監視体制の強化といったソフト面から、最新技術を導入するハード面まで、様々な対策があります。
これらの対策を単独ではなく複数組み合わせることで、相乗効果が生まれ、不正行為を未然に防ぎ、万引きがしにくい環境を構築することが可能となります。
店舗の状況に応じた最適な対策を選択・実行することが求められます。
専門スタッフを配置し監視体制を強化する
セルフレジコーナーに操作案内と監視を兼ねた専門スタッフを配置することは、基本的ながら非常に効果的な対策です。
スタッフはただ立つだけでなく、積極的に「お手伝いしましょうか」などと声かけを行うことで、顧客とのコミュニケーションが生まれ、これが不正行為への強い抑止力となります。

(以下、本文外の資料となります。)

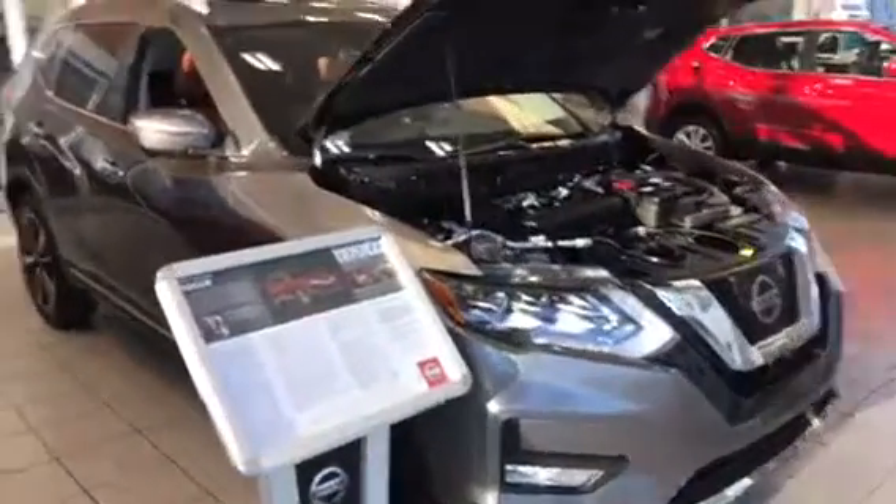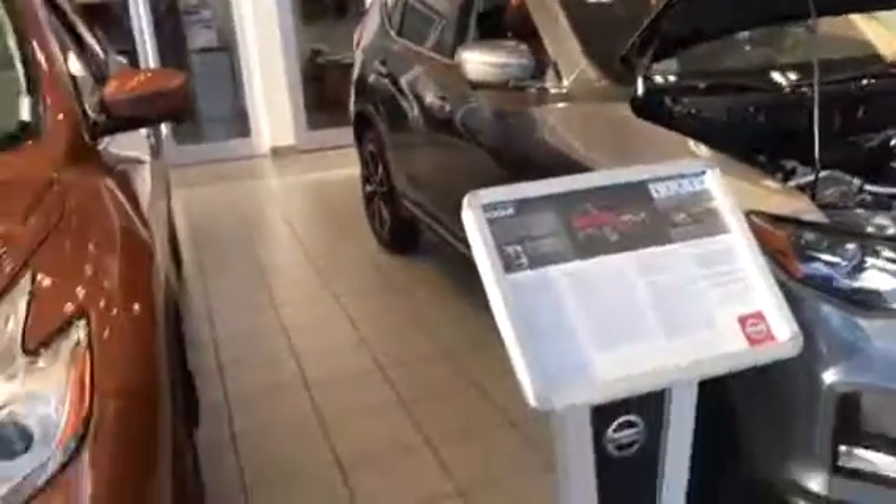Good morning, it's Connor here from LA Nissan. I just wanted to quickly show you the Rogue SL5 Reserves that we have here in the showroom.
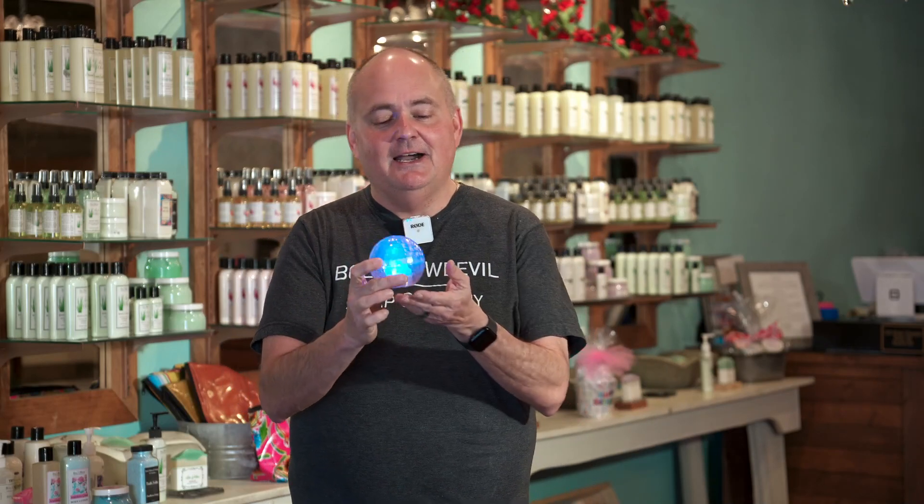It's also great for hot tubs. The kids are going to love this for Valentine's and Easter and Christmas stockings. This is a super cool little toy here, retails for $14.99. You don't want to miss this — the bath disco ball.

専用のユニフォームを着用させるなどして、スタッフの存在を明確にアピールすることも重要です。
「常に見られている」という意識を顧客に持たせることが、万引きの心理的なハードルを上げる上で欠かせません。
人的な監視は、機械では対応しきれない状況にも柔軟に対応できるという利点があります。
AI搭載の防犯カメラで不審行動を検知する
近年進化しているAI搭載の防犯カメラは、万引き対策の強力なツールです。
このカメラは、AIが映像をリアルタイムで解析し、商品をカバンに入れる、同じ場所をうろつくといった、万引きが疑われる不審な行動を自動で検知します。
検知した際には、スタッフが持つ端末にアラートを通知するため、広範囲を常時目視で監視する必要がなくなり、効率的かつ的確な対応が可能となります。
人間の目では見逃しがちな微細な動きもAIが捉えるため、監視の精度が飛躍的に向上し、万引きの早期発見と予防に大きく貢献します。
重量チェック機能付きのレジを導入する
重量チェック機能は、スキャンした商品のデータ上の重さと、会計用の台に置かれた商品の実重量を照合する仕組みです。
スキャンせずに商品を置いたり、登録と違う商品を置いたりするとエラーが発生し、会計が進まなくなるため、単純なスキャン忘れや意図的な商品のすり替えを防ぐ効果があります。
この機能は多くのセルフレジに搭載されており、基本的な万引き対策として有効です。
ただし、この機能をかいくぐる手口も存在するため、完璧な対策とは言えません。
他の対策、例えばスタッフによる監視や防犯カメラと組み合わせることで、より防犯効果を高めることができます。
防犯ゲートとセキュリティタグを併用する
店舗の出入り口に設置する防犯ゲートと、商品に取り付けるセキュリティタグの組み合わせは、古典的ですが依然として高い効果を持つ対策です。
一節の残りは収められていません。